New Mama Worries, Part 2: How to Know if it's Postpartum Anxiety

“If you want to conquer the anxiety of life, live in the moment, live in the breath.” - Amit Ray


Anxiety sucks.  Anxiety while being a mom really sucks.


One of the things I hear from moms is that they often blame themselves if they feel anxious. As if somehow they are failing as a mom, a partner, or a person if they experience anxiety and motherhood at the same time. Maybe they just weren't cut out for this job.


But NO! That's so not true. The truth is that you do love your sweet baby and no one can parent the way you can--there is just something else going on.


What you’re feeling is not your fault. You didn’t choose to have anxiety. But, the good news is you CAN choose to find a solution that works for you or to get help. You can use your power where you have it.


First, let’s talk a little more about anxiety itself.  


Last week, we talked about some of the common anxieties that every mom feels from time to time. We also talked about ways you can move past those anxieties so that they don’t disrupt your day or get in the way of you doing what you need to do.  


If those tips were helpful to you, that’s awesome! I hope you feel empowered to take baby steps toward claiming your confidence as a momma. (Yes, it does take time to feel like a confident mom--it’s OK!)


But, if you read that list and still felt overwhelmed or like it just seems impossible for things to get better, that’s OK too--you might be experiencing Postpartum Anxiety and you’re definitely not alone in this. Something like 15-20% of moms experience Postpartum Mood & Anxiety Disorders (PMADs). And that’s only counting the number of women that were willing to name it and be counted! It’s very likely that number is higher than we think. Some experts even think this number of those experiencing Postpartum Anxiety is higher than the number of women who suffer from Postpartum Depression.


To put it in perspective, 20% would be basically like one in 5 moms. That means, if you aren't struggling, you probably know a mom who is.

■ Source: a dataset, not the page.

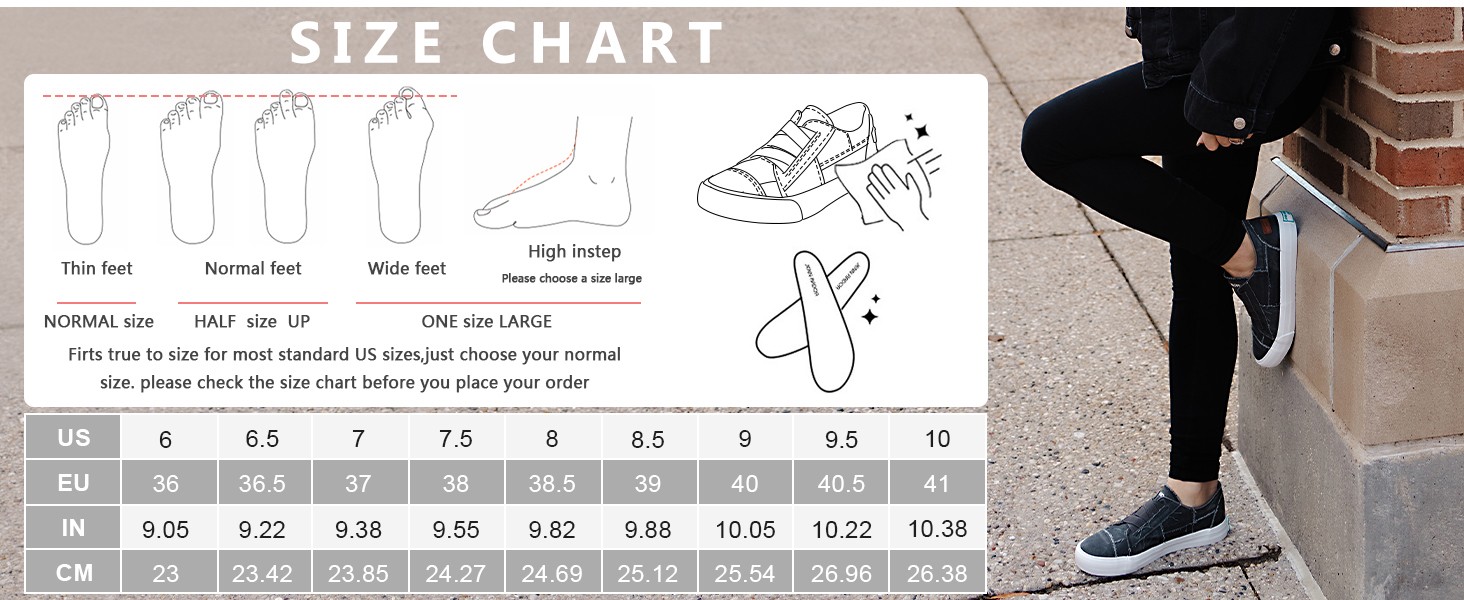 New Women Canvas Sneakers Classic Lace Up Fashion Casual Shoes Colors Size:6-11
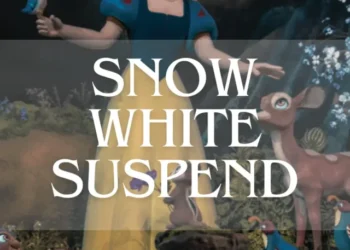 Snow White Suspended From Disney Parks For Violation Of Rules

And if your baby was born premature, or you experienced trauma during the birth (or even a perceived trauma), you could be at a higher risk of experiencing Postpartum Anxiety or other Postpartum Mood Disorders (PMADs). Or if you struggled anxiety prior to becoming pregnant, you might be at higher risk for Postpartum Anxiety as well (although it’s important to mention that Postpartum Depression is still a possibility for those who never experienced anxiety prior to becoming pregnant because it can be caused by the dramatic shifts in hormone levels after birth).


So, what’s the difference then between normal worries or anxieties and clinical Postpartum Anxiety?  


For those experiencing Postpartum Anxiety, you might:

  • Be in a state of constant worry

  • Feel like something bad is going to happen to you

  • Have racing thoughts

  • Experience disturbances in your sleep or appetite

  • Experience physical symptoms like difficulty sitting still, dizziness, hot flashes, headaches, or nausea.

  • Possibly experience Postpartum Depression simultaneously.

  • Just know deep down that what you’re feeling isn’t right.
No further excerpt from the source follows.